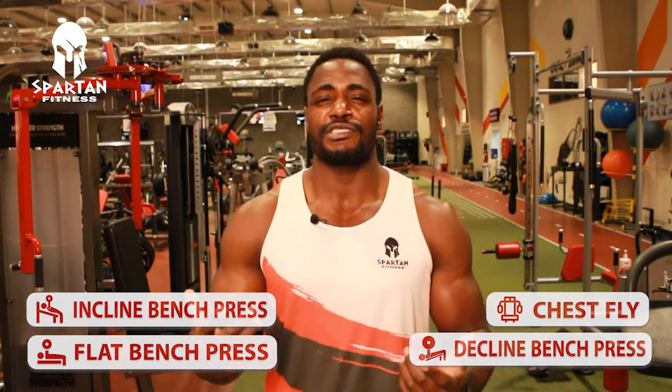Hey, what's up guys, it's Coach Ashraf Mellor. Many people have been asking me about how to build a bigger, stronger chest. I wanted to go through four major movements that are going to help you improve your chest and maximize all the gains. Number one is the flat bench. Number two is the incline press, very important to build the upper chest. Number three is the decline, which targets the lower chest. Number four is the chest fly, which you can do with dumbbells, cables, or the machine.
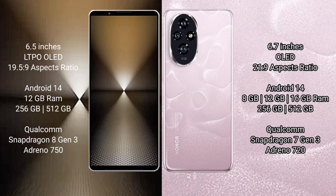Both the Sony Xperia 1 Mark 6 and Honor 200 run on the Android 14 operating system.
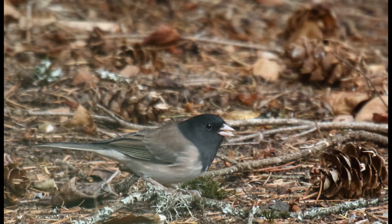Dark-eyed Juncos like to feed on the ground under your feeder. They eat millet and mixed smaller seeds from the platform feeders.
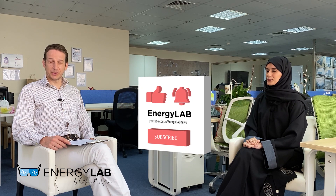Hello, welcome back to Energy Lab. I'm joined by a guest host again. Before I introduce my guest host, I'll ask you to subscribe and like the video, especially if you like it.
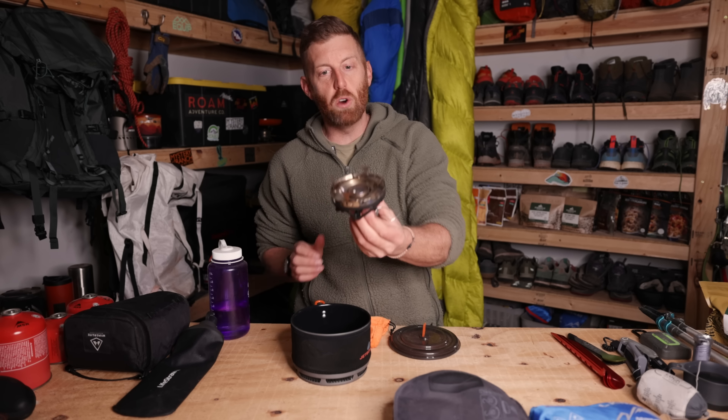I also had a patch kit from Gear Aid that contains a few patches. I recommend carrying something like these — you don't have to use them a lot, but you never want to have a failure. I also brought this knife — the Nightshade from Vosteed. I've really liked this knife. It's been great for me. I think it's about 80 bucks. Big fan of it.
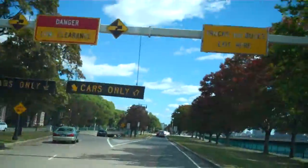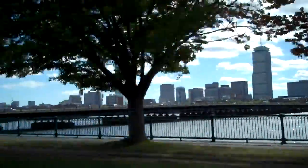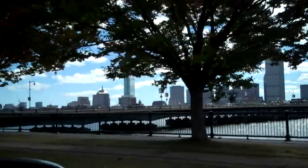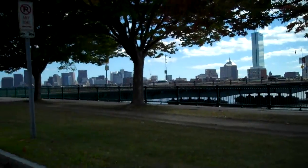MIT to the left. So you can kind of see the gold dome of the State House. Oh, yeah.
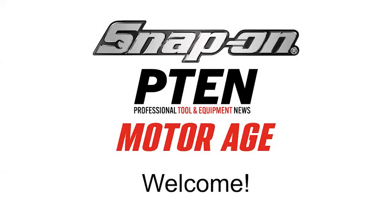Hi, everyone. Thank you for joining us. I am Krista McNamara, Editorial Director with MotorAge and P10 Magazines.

---

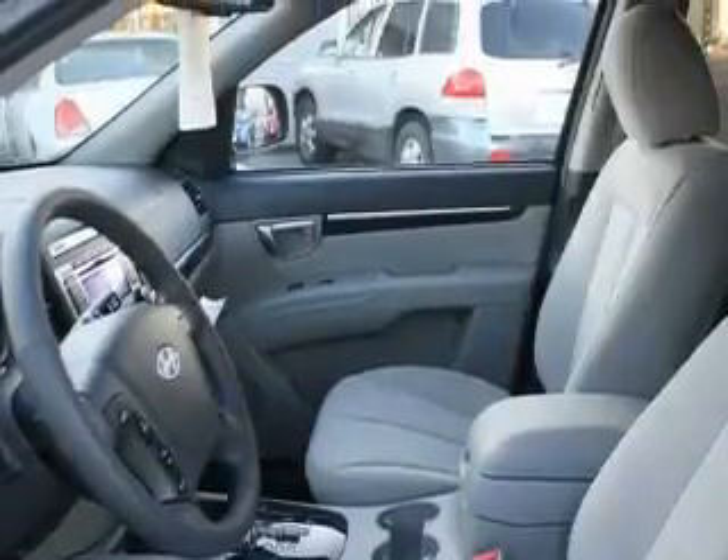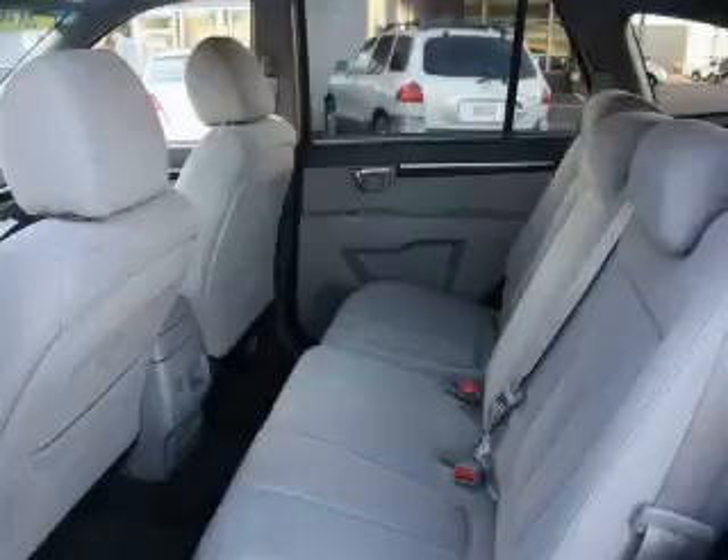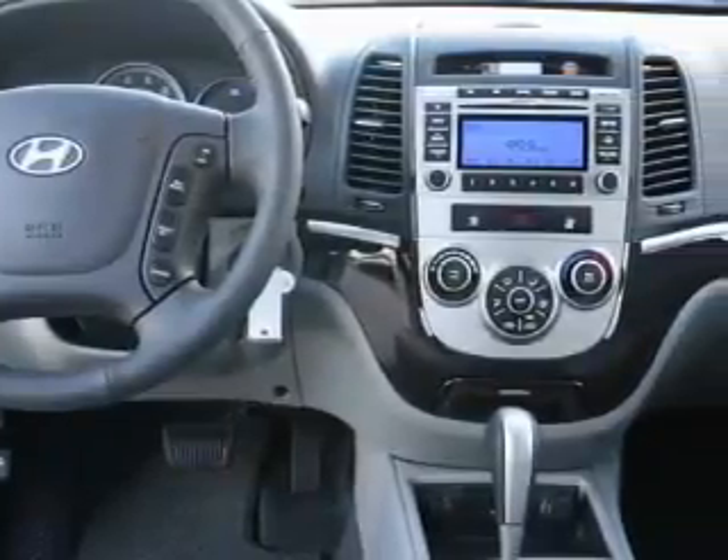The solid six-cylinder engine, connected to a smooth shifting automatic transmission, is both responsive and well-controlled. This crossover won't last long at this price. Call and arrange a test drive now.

GOAL OF THE EXERCISE:
Using the data above, which lines fall from the one with "Both the Sony" through the one with "Dark-eyed Juncos like"? Repeat them exactly, ends included, minus any pictures.

RESPONSE BELOW:
Both the Sony Xperia 1 Mark 6 and Honor 200 run on the Android 14 operating system.
Dark-eyed Juncos like to feed on the ground under your feeder. They eat millet and mixed smaller seeds from the platform feeders.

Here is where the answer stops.